■ RECORDS PROVIDED
++++++++++++++++++++

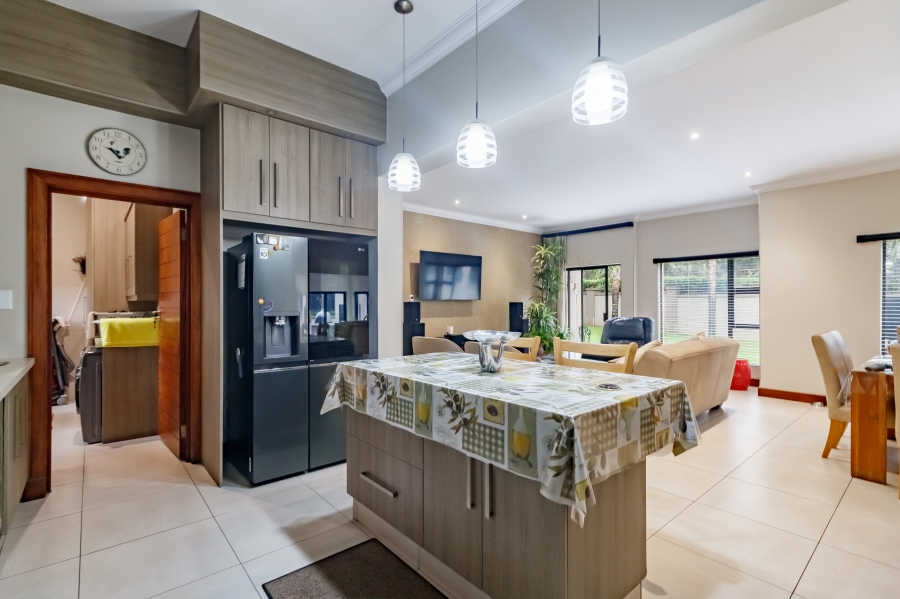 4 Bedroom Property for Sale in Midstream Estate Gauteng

++++++++++++++++++++

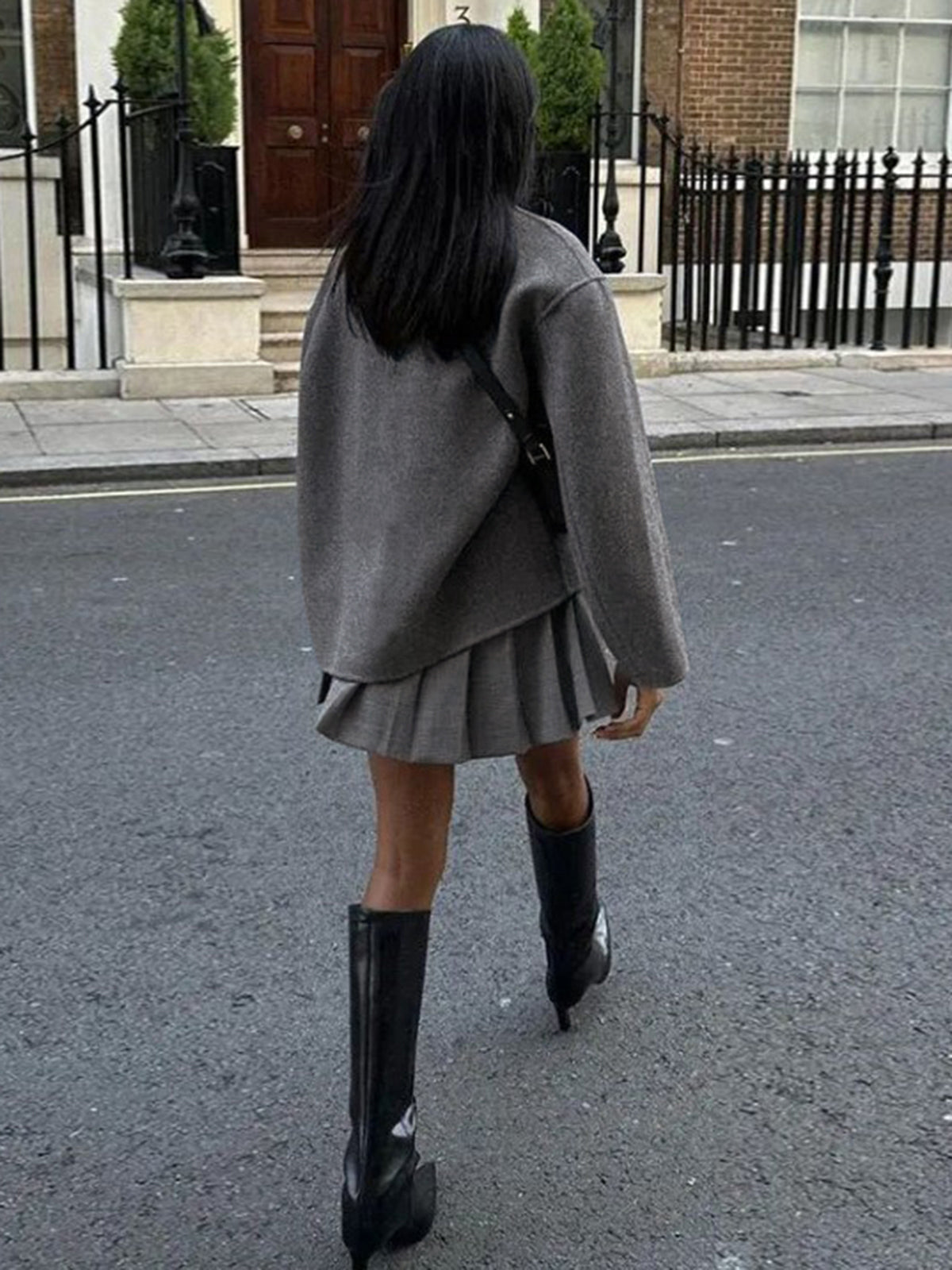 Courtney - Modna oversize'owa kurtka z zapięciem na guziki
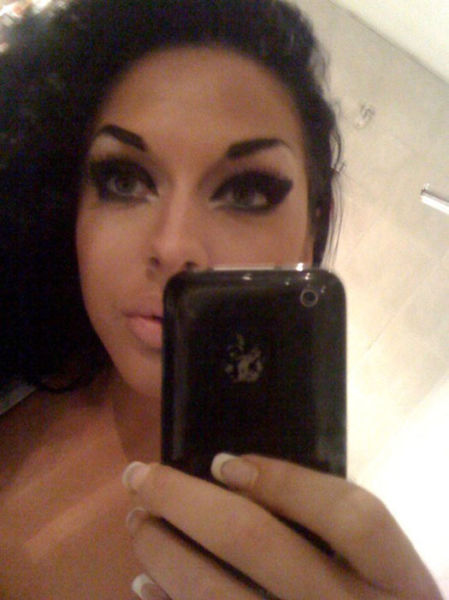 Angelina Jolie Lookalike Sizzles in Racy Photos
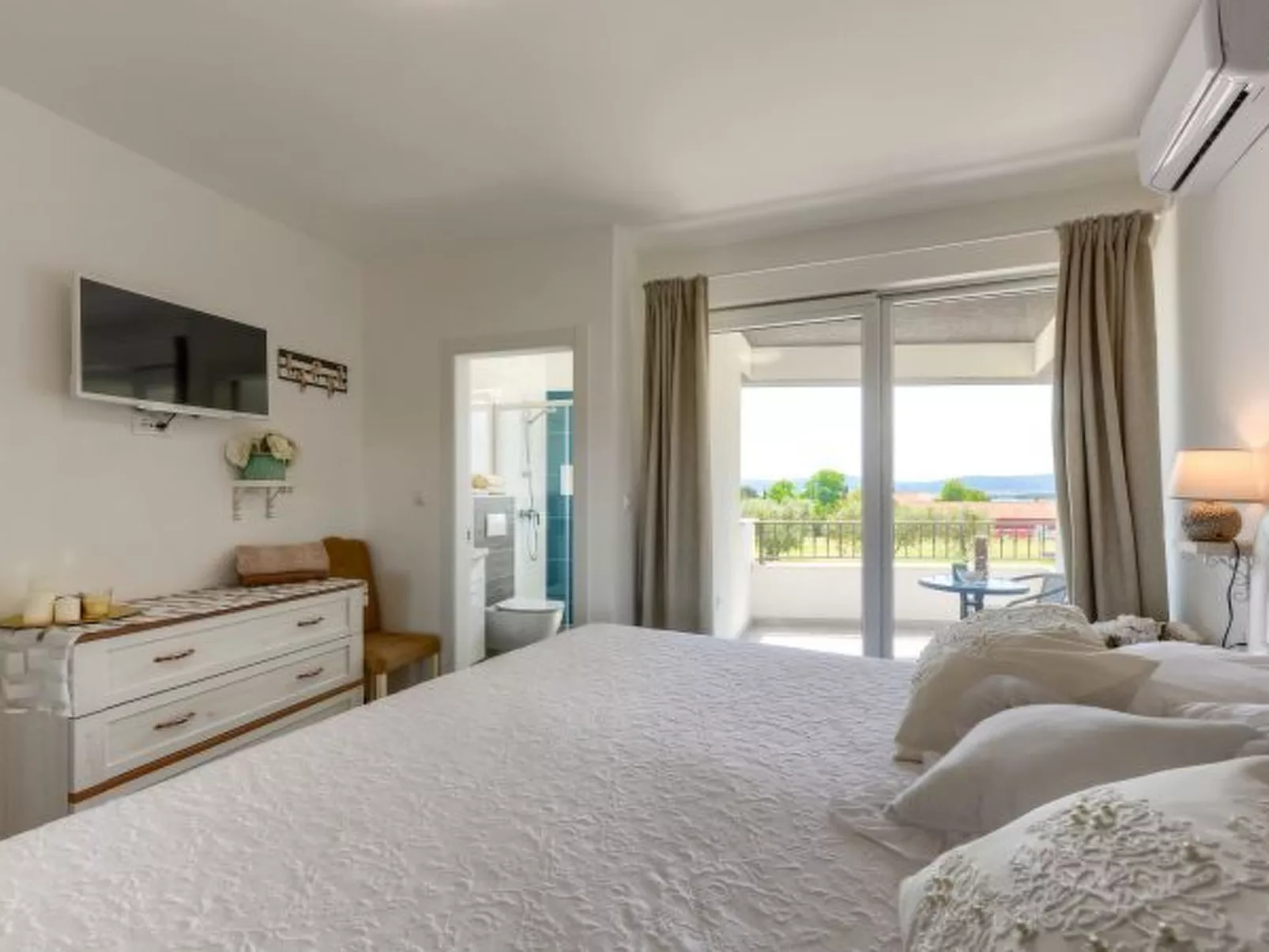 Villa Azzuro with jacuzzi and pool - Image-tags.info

++++++++++++++++++++

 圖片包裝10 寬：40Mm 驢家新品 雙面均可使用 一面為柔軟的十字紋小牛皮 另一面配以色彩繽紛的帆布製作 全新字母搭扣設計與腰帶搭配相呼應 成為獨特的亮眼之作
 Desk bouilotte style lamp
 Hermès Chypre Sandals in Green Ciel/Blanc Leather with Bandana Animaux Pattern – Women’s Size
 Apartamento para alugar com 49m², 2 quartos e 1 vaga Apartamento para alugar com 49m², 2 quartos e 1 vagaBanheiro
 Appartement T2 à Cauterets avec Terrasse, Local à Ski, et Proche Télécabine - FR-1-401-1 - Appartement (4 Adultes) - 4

++++++++++++++++++++

■ PROBLEM STATEMENT
For the entries above, print exactly the lines between the one with "Angelina Jolie Lookalike" and the one with "Villa Azzuro with", inclusive, with no pictures.

■ RESPONSE
 Angelina Jolie Lookalike Sizzles in Racy Photos
 Villa Azzuro with jacuzzi and pool - Image-tags.info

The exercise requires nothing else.